Before the first meeting there was a lot of apprehension on both sides. It was 2006 and a group of Mennonite farmers with land around Laird, Saskatchewan were meeting with representatives of Stoney Knoll First Nation to talk about their land claim. Tensions were high around land claims in Canada at the time, with volatile and public confrontations taking place in Caledonia, Ontario and with Sun Peaks resort in B.C.
Mennonite farmers, like Barb Froese (1970) and Wilmer Froese (1966), didn’t know what to expect and many in the community feared losing the land they lived and farmed on. And on the other side, Gary LaPlante, a headman of Stoney Knoll First Nation, says they too were nervous about how the conversation would go. “We were really apprehensive. We felt uncertain and kind of like, ‘Oh, what are we doing? Should we be doing this? Can we trust them,’” he says.
But to everyone’s surprise the first meeting went well. “We went away feeling okay about it,” says Wilmer. “Somehow, meeting them face to face was the first step and it lessened our anxiety.” That meeting was the first of many between the two groups that helped those feelings of anxiety turn into a relationship built on respect and the desire for real reconciliation.
Over the years, the two groups held other gatherings and participated in cultural exchanges, playing traditional Indigenous hand games, listening to Mennonite music and sharing foods from their different cultures. And each group brought their own spirituality to the table, each praying in their own ways. They shared about their experiences and learned from each other.
And as their relationships grew, and as the First Nation’s representatives assured the Mennonites and Lutherans they weren’t trying to take the land back, the farmers ended up becoming some of the strongest advocates for the claim and shared what they knew with others, says Gary. The land claim with the government is still in progress, in August of 2022 the Government of Canada stated that it met the minimum standard to proceed, which is the first hurdle in having their claim to the land fully recognized.
While the land claim itself, and the compensation. is important in its own right. Gary, Wilmer and Barb also feel strongly that sharing their story is important to help future generations learn the history and work towards reconciliation.
To help future visitors learn that history, Wilmer initiated a project to put together an interpretive path with storyboards that tell the history of the place and the journey of reconciliation over the last 17 years.
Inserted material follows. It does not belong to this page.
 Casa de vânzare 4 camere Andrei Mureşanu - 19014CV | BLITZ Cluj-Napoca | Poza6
The path and storyboards were developed by the Stoney Knoll Historical Committee, a group with Indigenous, Mennonite and Luthern representation, in collaboration with the office of the Treaty Commissioner. The site opened in the summer of 2022. Over the last few years RJC has brought students to the site to learn more about the history of the land that’s just a 20 minute drive away from their school. “Taking our students to Stoney Knoll allows them to see that the work of reconciliation is close to home,” says Alex Tieseen, director of development at RJC. “This is a story that is right on their doorstep, and has impacted many people that they might know.”
Walking the interpretative parth and reading the story helps the history become real for visitors. “I feel like when you walk along that path that all of a sudden you become part of the story, because this is where it happened,” says Barb. She believes that when you read the story in the place where it happened you’ll remember it better.
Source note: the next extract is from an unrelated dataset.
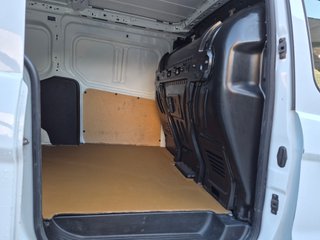 Ford Transit Connect 2020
For Wilmer, he hopes that when people come to the site they can see the real possibilities for peacemaking and reconciliation in their own lives. “It tells a story of reconciliation, it tells the story of how our differences can be overcome, and how two different peoples can come together, and actually come to a peaceful resolution of an issue,” says Wilmer. “This whole thing of peacemaking, which has been so strong in the Mennonite church, never have I experienced that personally like I have here. This is the first time I’ve realized, yes, peacemaking can work.”
This is the lesson that RJC also hopes students will take away when they visit. That peacemaking isn’t just an idea, it’s something we can practice in our own lives.
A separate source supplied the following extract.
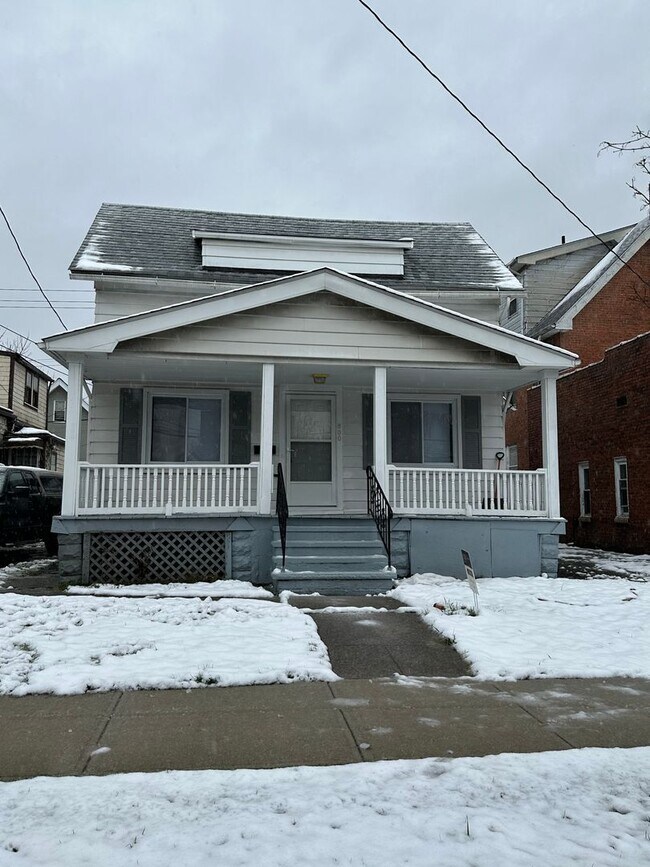 property at 800 London Rd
Gary also wants this story to serve as a model for other communities on what true reconciliation can look like. “When I say ‘We could be an example or model for others in Canada.’ I’m not talking about how to settle a legal claim…I’m talking about people coming together to try to collectively resolve some difference that happened,” he says. “This is what reconciliation is, you know, that’s true reconciliation. Money is not reconciliation. Money could help, but the real reconciliation is between peoples. Honestly, like plain and simple, the ability to be good neighbours.
Photo: Kendall Amendt, Orion Cleland, and Arielle Perrault at the Stoney Knoll interpretive site with the RJC Grade 12 EXLORE class.